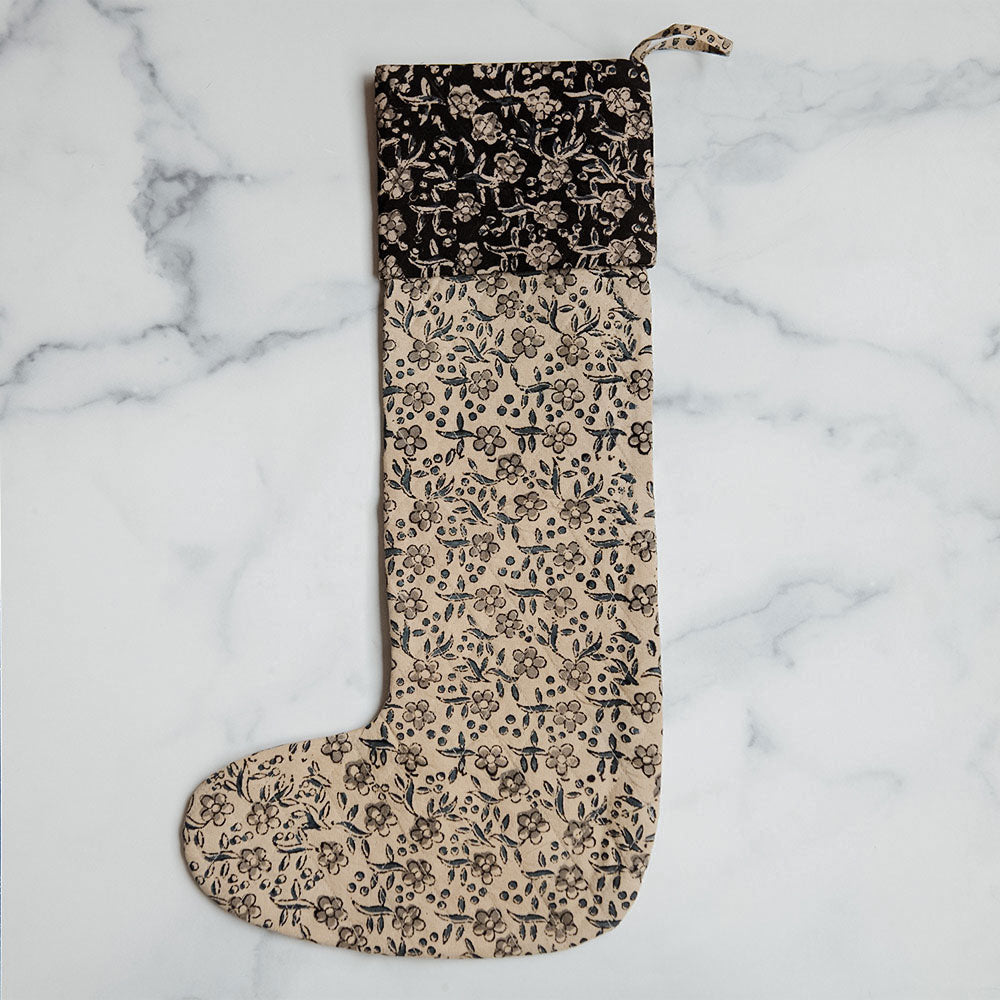 One-of-a-kind Block-Printed Stocking No. 0597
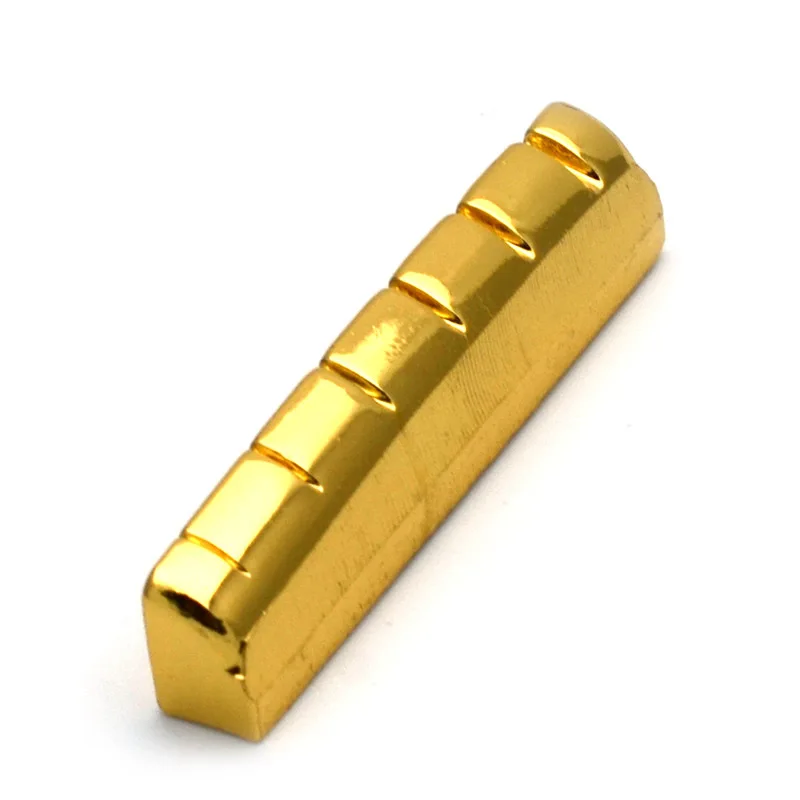 Ohello 6 String Slotted Brass Gold Plated Acoustic Guitar Nut and Bridge Saddle Guitar Parts Gold 72/76x3x7.8mm 42/43.2x3x5.5mm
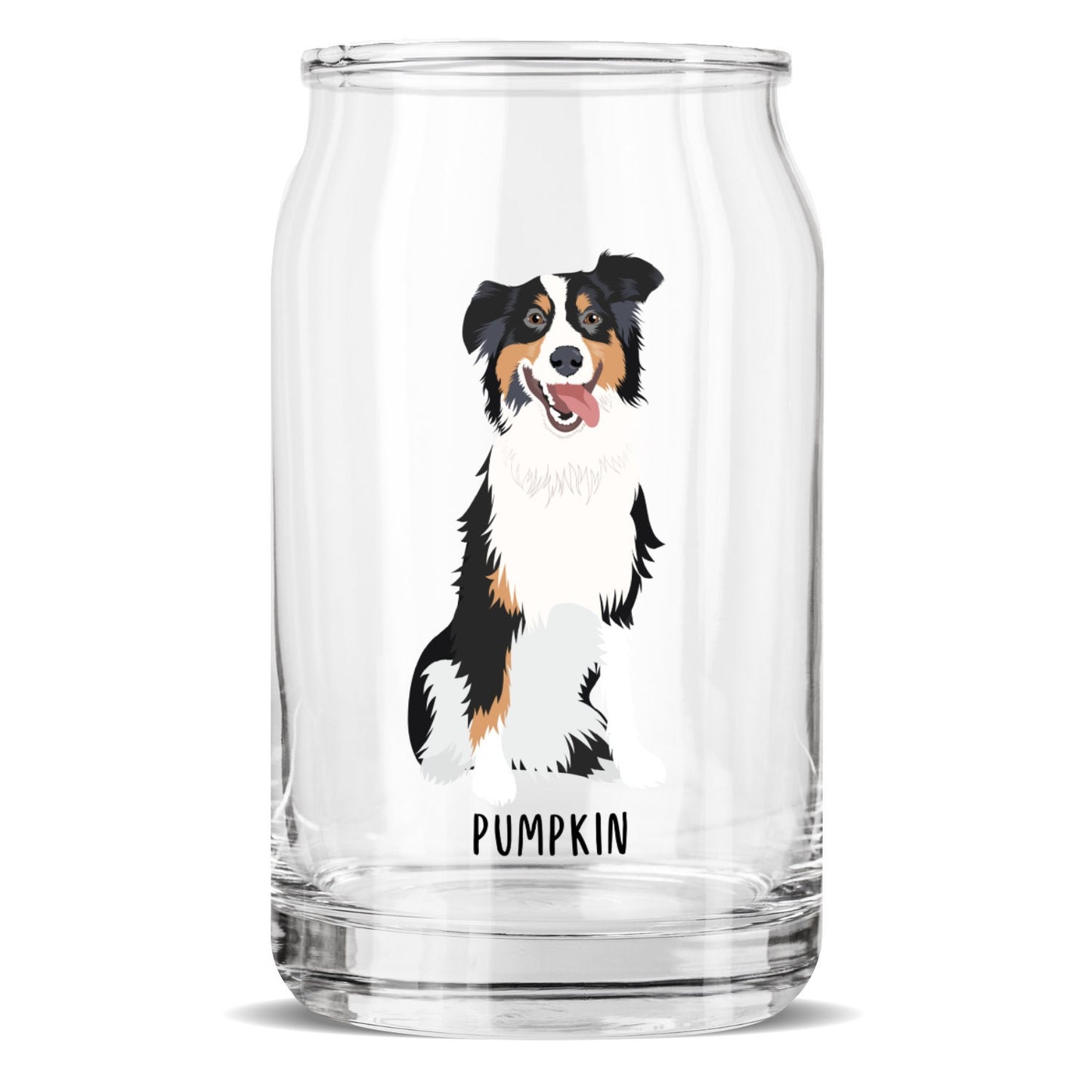 Australian Shepherd glass with lid and straw, iced coffee glass, aussie mom gifts, aussie gifts, mothers day gift, daughter birthday gift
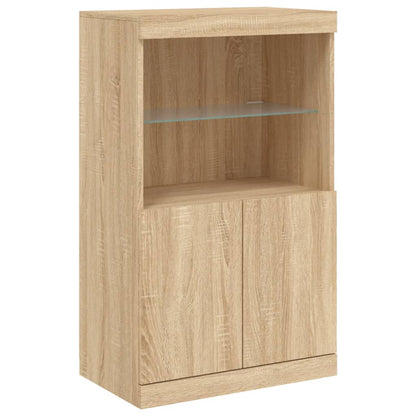 vidaXL Sideboard with LED Lights Sonoma Oak 60,5x37x100 cm
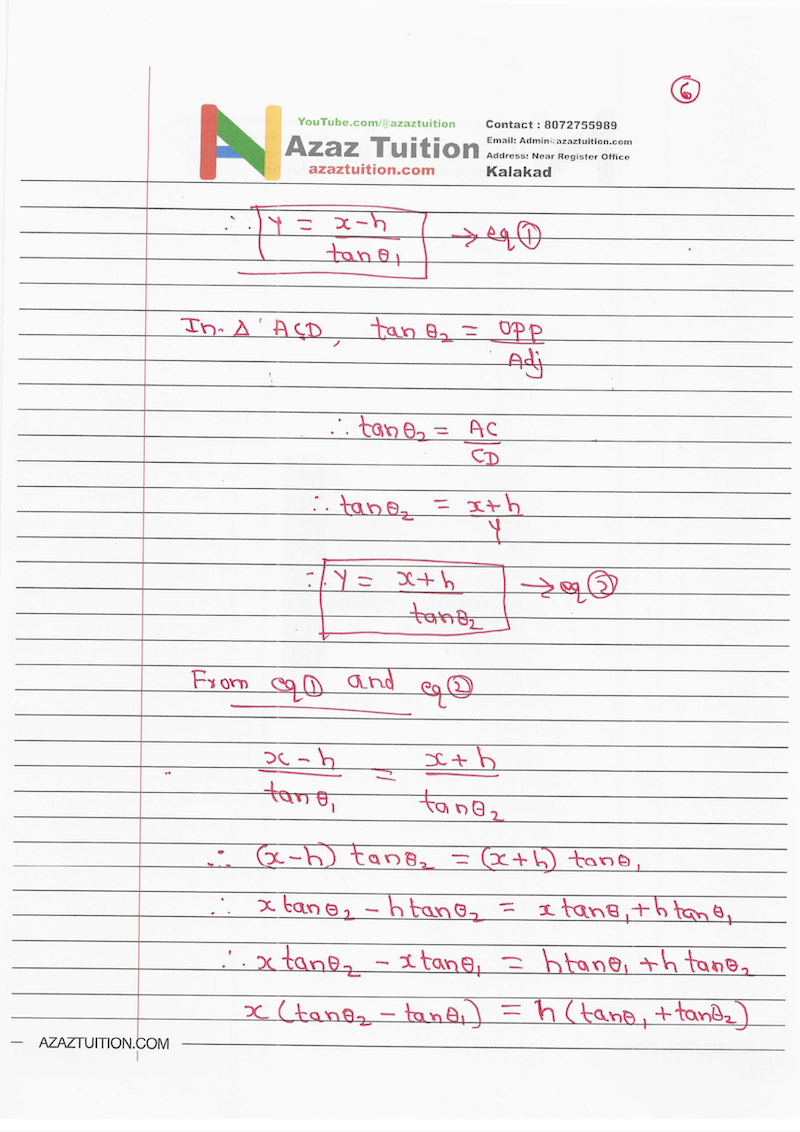 TN Samacheer 10 Maths Trigonometry Chapter 6 Hand Written Solution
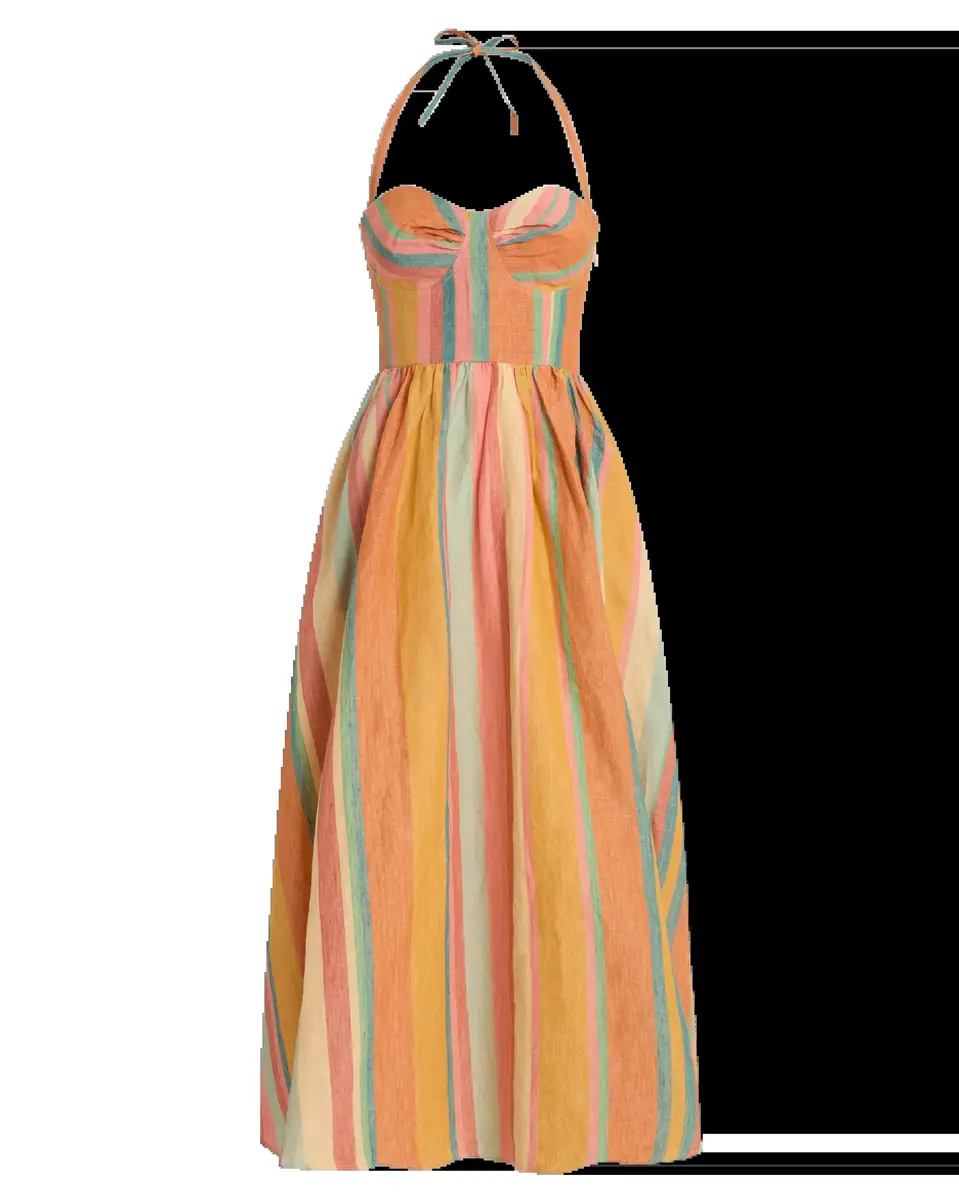 Emporio Sirenuse Johanna Dress in Rainbow Stripes | Thumbnail 4 Emporio Sirenuse Johanna Dress in Rainbow Stripes | Thumbnail 4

━━━━━━━━━━━━━━━━━━━━━━━━━━━━━━

▶ Exercise details:
Everything in the material above is to be reproduced exactly, pictures aside.

▶ Exercise solution:
 One-of-a-kind Block-Printed Stocking No. 0597
 Ohello 6 String Slotted Brass Gold Plated Acoustic Guitar Nut and Bridge Saddle Guitar Parts Gold 72/76x3x7.8mm 42/43.2x3x5.5mm
 Australian Shepherd glass with lid and straw, iced coffee glass, aussie mom gifts, aussie gifts, mothers day gift, daughter birthday gift
 vidaXL Sideboard with LED Lights Sonoma Oak 60,5x37x100 cm
 TN Samacheer 10 Maths Trigonometry Chapter 6 Hand Written Solution
 Emporio Sirenuse Johanna Dress in Rainbow Stripes | Thumbnail 4 Emporio Sirenuse Johanna Dress in Rainbow Stripes | Thumbnail 4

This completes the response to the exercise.